Na última aula, após revisar todas as seqüências, o professor explicou os passos

do homem e os da mulher e a relação entre esses passos e condução. Explicou ainda a

variação que poderia ser feita no tamanho das figuras, além de exemplificar outros tipos

de variações que poderiam ocorrer como a velocidade. Dinzel (2011) menciona que as

variações que ocorrerem na velocidade, na angulação e na amplitude do movimento é

que produzem a expressividade na dança.

Quanto ao desenvolvimento da condução na aula, após os alunos repetirem

várias vezes a seqüência, o professor pediu que trocassem os pares para desenvolver

62

a condução. Essa é uma prática bastante comum também em aulas de dança de salão,

que visam que o aluno não se acostume com a parceira e creia que está conduzindo,

quando na verdade a parceira já está condicionada. A troca de pares também serve

para as aulas que estão muito cheias e quando há mais pessoas de um mesmo sexo

do que de outro. Em uma das aulas observadas, havia mais mulheres que homens e

houve, por parte dos alunos, uma troca de pares voluntária, em que os homens

alternavam entre as mulheres que tinham par e as que estavam sozinhas. Dessa forma,

todas puderam dançar. Acrescentamos que quando há muitos homens ou muitas

mulheres sozinhos na aula, é possível que aprendam a sua parte copiando

individualmente o que os professores estão fazendo. Também existe a possibilidade de

dançar com alguém do mesmo sexo. Percebemos durante as observações que o

professor incentivava os alunos a dançarem com os iniciantes que estavam sozinhos.

Durante as aulas, Carlos incentiva que os alunos filmem as figuras que ele passa

para treinarem em casa. Além disso, ele disponibiliza aos alunos as músicas, fotos,

livros, informações.
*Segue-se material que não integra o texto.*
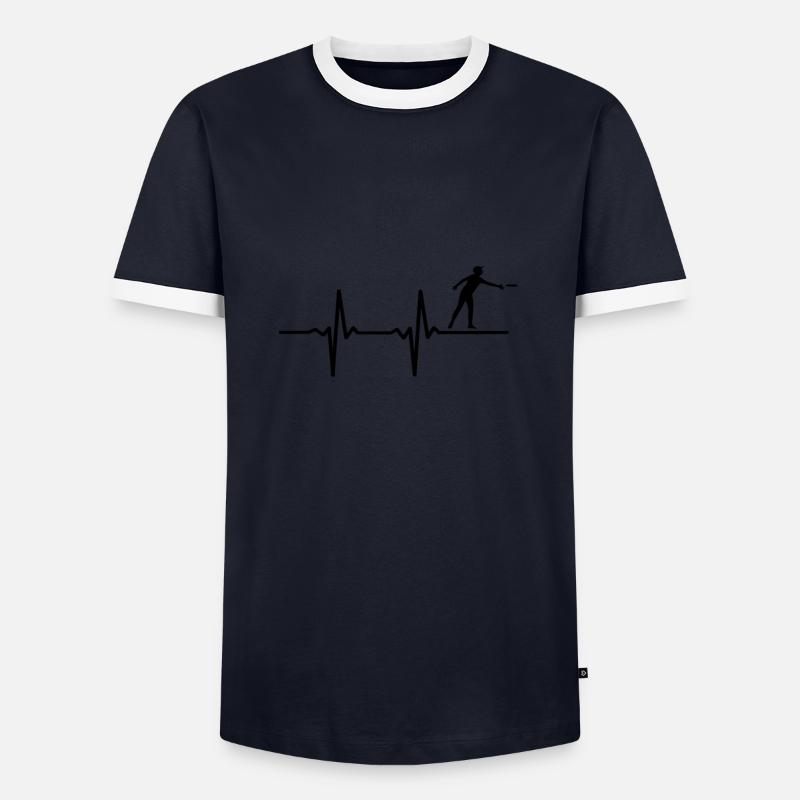 Frisbee Herzfrequenz - Männer Kontrast-T-Shirt - Navy/Weiß 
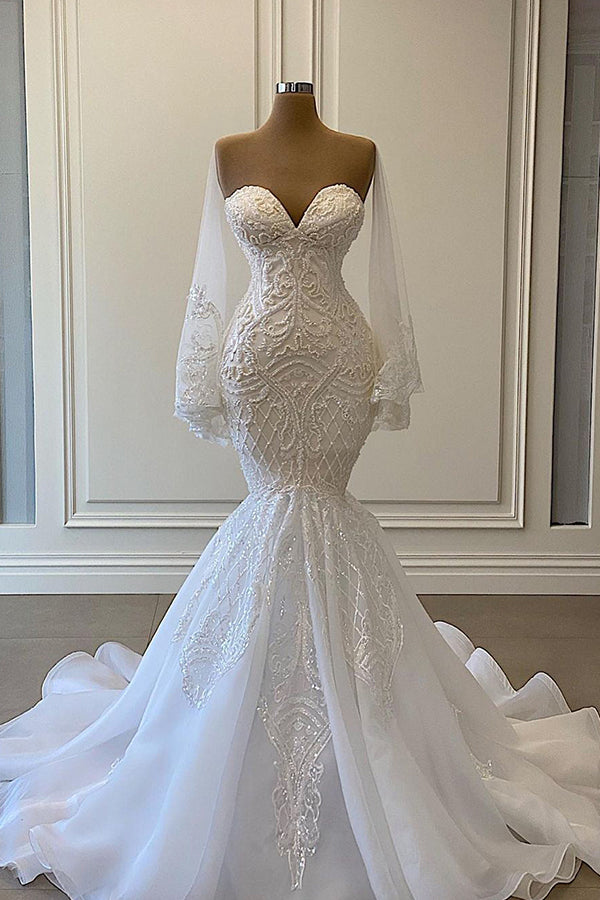 Lace Mermaid Wedding Dress with Pearls Beadings for Sweethearts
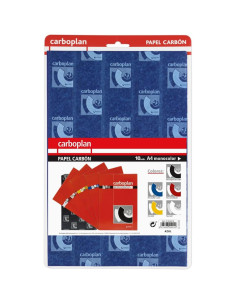 PAPEL CARBON GRAFOPLAS A4  BLISTER 10H AZUL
Ele mantém uma página em rede social da internet e manda e-mails

semanalmente para que os alunos sempre saibam o que está acontecendo. Quando há

bailarinos de Buenos Aires em Porto Alegre, Carlos procura sempre disponibilizar um

espaço em suas aulas ou promover cursos para que os alunos aprendam também com

outros professores.

O tango não é nosso, o tango é de todas as academias de Porto Alegre.

E cada professor de tango de Porto Alegre tem a nossa amizade,

inclusive tem as portas abertas para dar seus cursos e workshops. Às

vezes vem bailarinas e bailarinos de Buenos Aires e nós convidamos

para que dêem uma aulinha para os nossos alunos. O grupo 8 Adelante

sempre tem as portas abertas para todos (CARLOS, 2013).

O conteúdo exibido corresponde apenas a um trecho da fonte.